George Osborne knows how to stick pins in his enemies. Using the phrase ‘Workers of the world unite’ to introduce a wheeze that will allow employees to swap employment rights for shares in their employer got well up the noses of the left. ‘There are so many holes in this it deserves to sink without a trace,’ said Mark -Serwotka of the Public and Commercial Services Union, no doubt hoping to restore his good name after his calls for public-sector workers to use the Olympics as an opportunity to strike. ‘Remember this lot were quite content to put small boys up chimneys,’ typed one Guardianista with a loose recollection of the last Conservative manifesto. Osborne has ‘as much knowledge of economics as a stick of rhubarb’, declared Paul Kenny of the GMB in a sweeping dismissal of the Chancellor’s entire party conference performance.
Even the CBI was only lukewarm, it has to be said, greeting rights-for-shares as ‘a niche idea… not relevant to all businesses’. But still the scheme circumvents the reluctance of Vince Cable to allow his coalition partners to tear even the smallest hole in the panoply of rights relating to dismissal, redundancy, flexible working and maternity leave which — although clearly an improvement on putting boys up chimneys — are most often mentioned by small-business and start-up entrepreneurs as a deterrent to expansion. And it’s surely good for workplace harmony and prosperity to foster pride of collective corporate ownership.

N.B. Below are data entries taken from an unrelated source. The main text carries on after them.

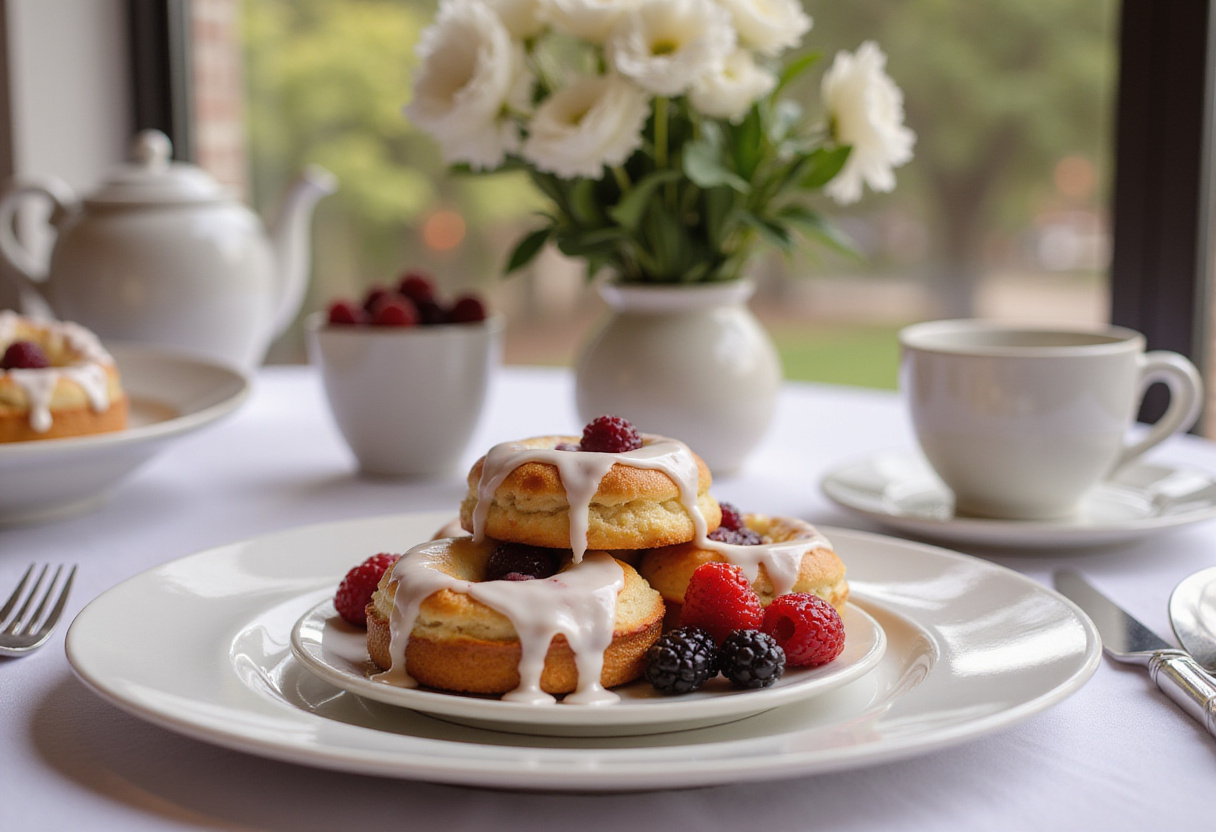 Final result of Delicious Cruffins displayed on a cooling rack, warm and inviting appearance with layers and powdered sugar, perfect for dessert.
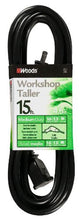 Load image into Gallery viewer, Woods 0258 16/2 SJTW General Purpose Extension Cord, 15-Foot, Black
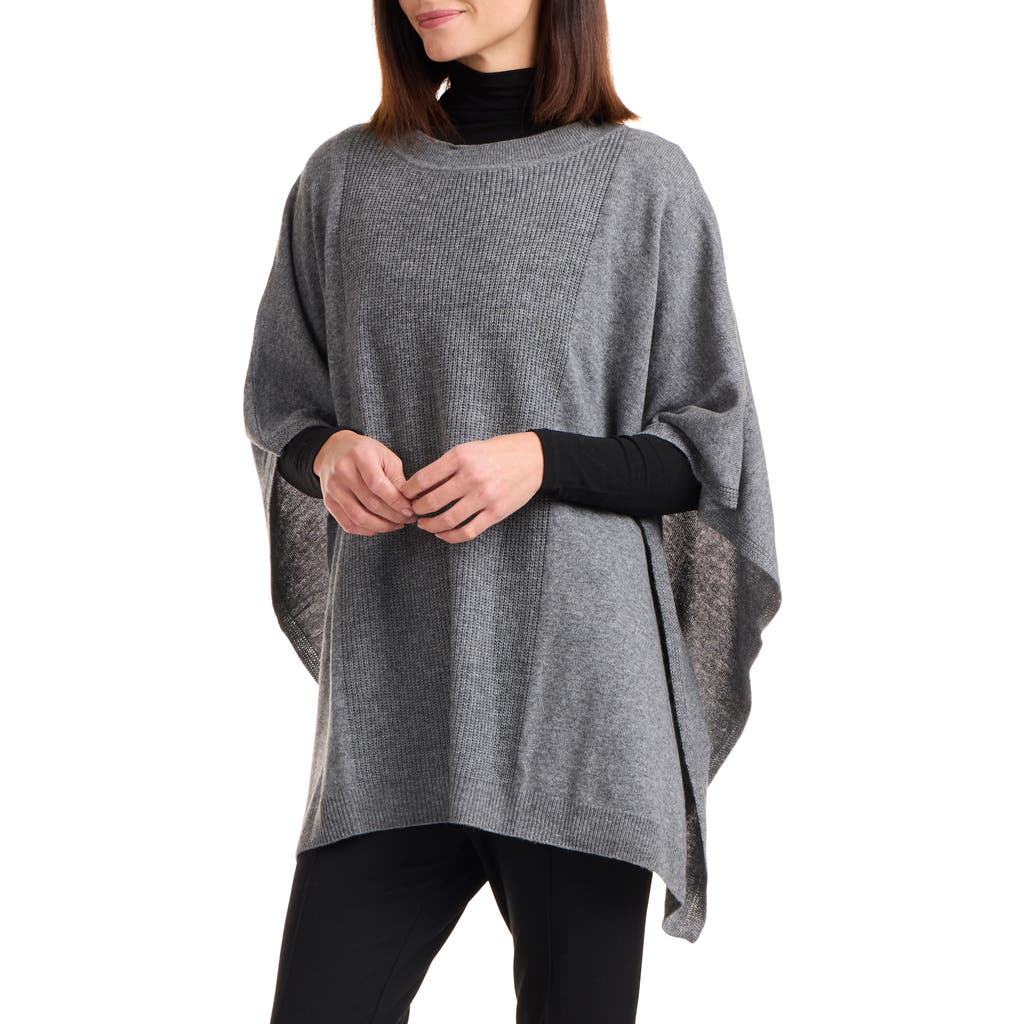 Bruno Magli Women's Wool Blend Knit Poncho In Med Grey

Beyond that, however, the Osborne scheme needs a health warning attached, because it invites workers to gamble on the qualities of their employer. In a company destined to fail because its directors are incompetent or its products are uncompetitive, you’d be better to hang on to your rights. In a start-up that has just patented cures for baldness and the common cold, by all means go for the shares — but even then the shark-tank of venture capital will pay scant respect to the interests of employee-shareholders, particularly in businesses that need successive capital-raisings to bring their ideas to commercial fruition.